Woodstock has now been long gone for over 40 years and yet singers like Richie Havens are still getting requests to sing the same songs that they sang at Woodstock. It’s amazing how one concert really could still have an effect on the concerts, and some of the music that we listen to today. One of the things that makes this festival so great isn’t the music, it’s the way that the crowd acted towards each other. Many people that were there said Woodstock was full of good vibes during a time of unrest during the Vietnam War. Ilene Marder was an 18 year old woman at the time of Woodstock, who hitch hiked all the way from the Bronx for the festival, saw people feeding one another in the crowd. She knew she had found her tribe. “The music was nice, but it was being with so many people who looked like us, who looked like me,” said Marder, who later moved to Woodstock some 50 miles away (40 years). That’s the way I feel when I attend concerts now. I feel like these are the people that get me because they listen to the same kind of music and enjoy the things as me. Almost like were all brothers and sisters. It’s not only these things that make Woodstock so unique, it’s the little things that effect how we go to concerts today. Woodstock showed us how to put on rock festivals. If it wasn’t for Woodstock setting the stages up outside and putting the crowd out in a field we might not have rock festivals today. We could still be inside sitting in a stadium sitting and cheers and just listening to the music calmly.
Even though there were so many similarities at Woodstock, there were also many things that were different. Some of the crowd activity was similar to what we do today but it was also very different. Today there is a lot of mosh pits today. I don’t think they really did that at Woodstock. They kind of just sat on the ground or stood and listened to the music peacefully. Today we are smashed up against each other jumping around, pushing each other, and just going crazy during most of the songs that are played. Pretty much everybody that went to Woodstock stayed there all three days and slept there on the ground or wherever they could find. They also took baths in the lake that was close by to the festival. Today people would get a hotel and stay there and drive to the show and they probably wouldn’t take baths in a nearby lake. They would wait until they got back to their hotel or until they got back home.

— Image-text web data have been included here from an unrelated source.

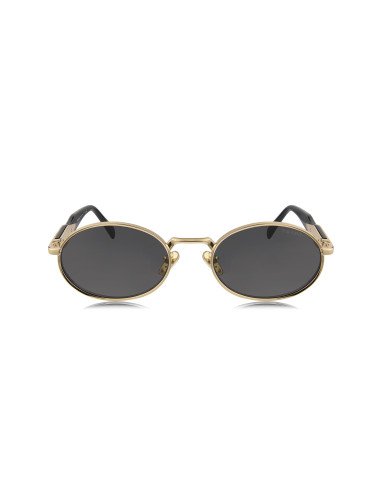 Prada SPR 65ZS ZVN-09T Oval Shape Pale Gold Dark Grey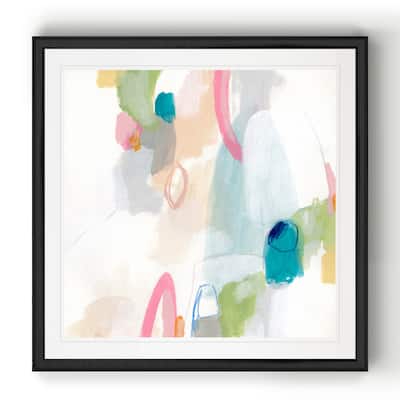 Candy Jacket I -Black Framed Print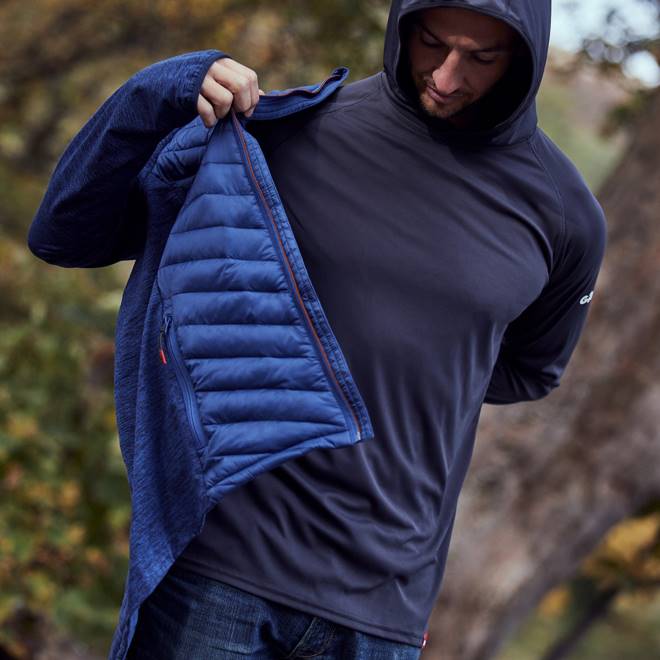 Gill Marinejaqueta masculina penryn híbrida 2B02369 oceano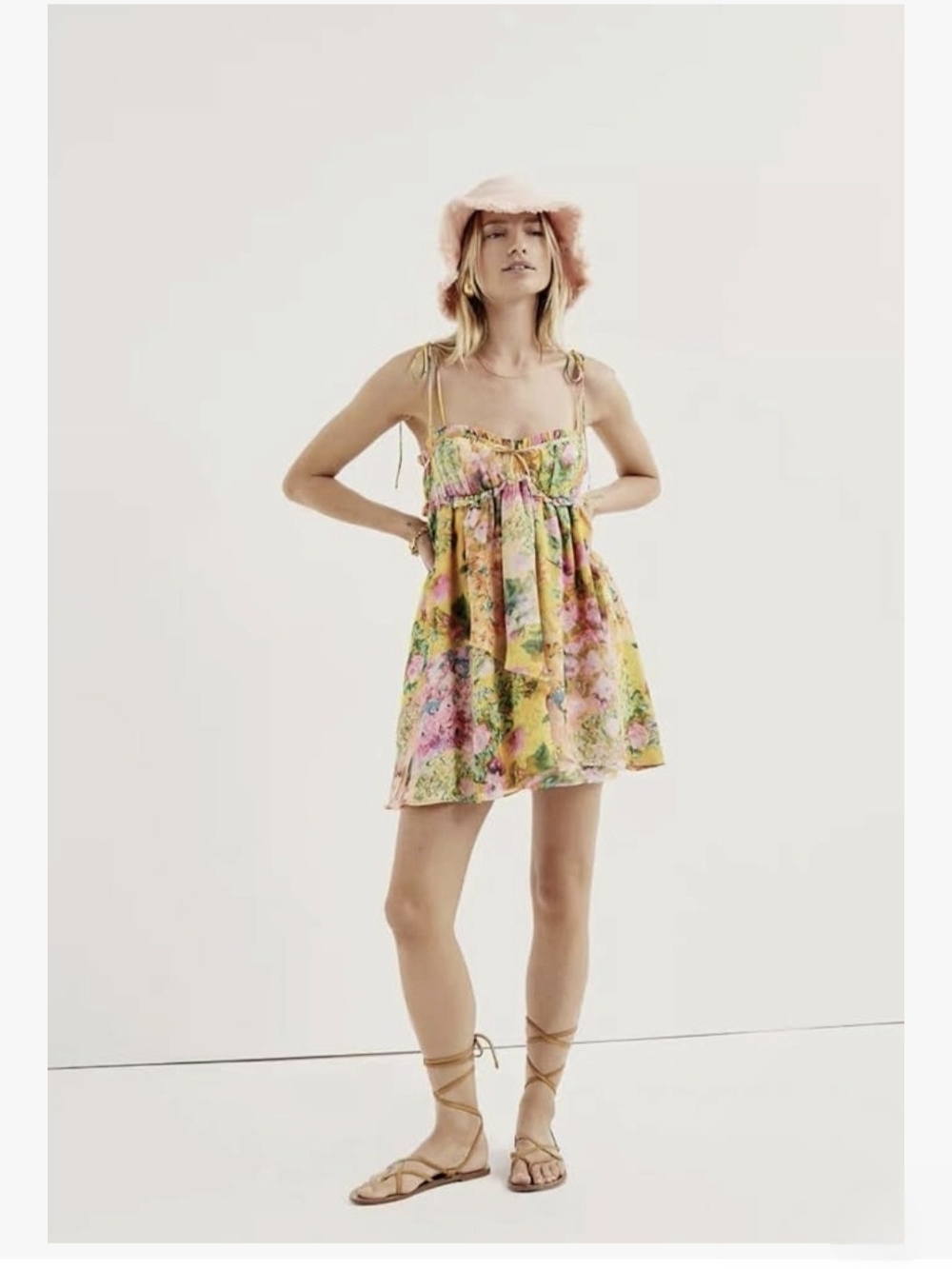 Cottagecore Babydoll Dress #1266 - Picture 8 of 16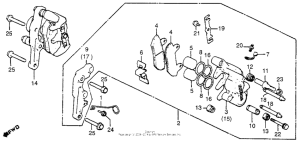 CB750 Front brake caliper 2 82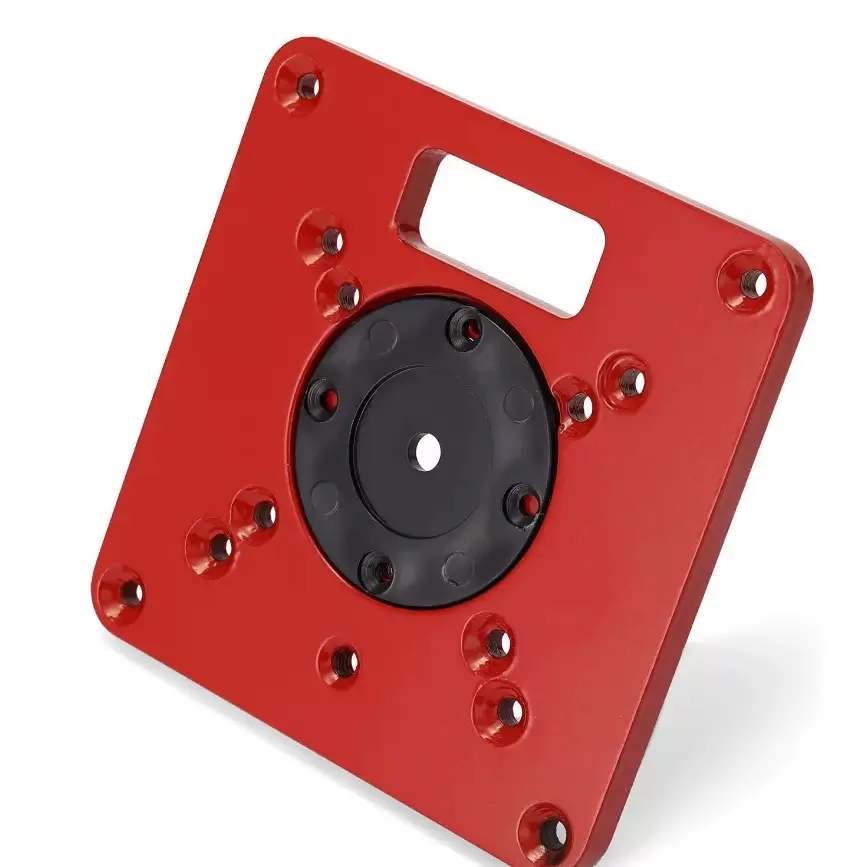 1pcs Aluminium Router Table Insert Plate Woodworking Trimmer Electric Wood Milling Flip Plate for DIY Working Benche carpentry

There were a lot of similarities at Woodstock compared to rock festivals that we have today. In my opinion none of them will ever match up to Woodstock. It was the greatest event put on in music history. From Lollapalooza to All Points West there have been many that are trying to be like Woodstock but there will always only be one Woodstock. None of the festivals we have today last three days, or have half a million hippies there ready to just listen to music and camp out outside. When you sit back and look at Woodstock you kind of get the chills thinking about Jimi Hendrix playing the Star Spangled Banner as the last song for everyone to listen to. It was a perfect way to end a festival where the main goal was peace and anti-war. Woodstock really was the greatest event in music history and I feel like it will be forever. To this day the field where Woodstock took place still remains for pop culture fans and historians to come stand where some of the greatest music legends of all time and 500,000 of their closest friends stood and changed history. Nothing will ever compare.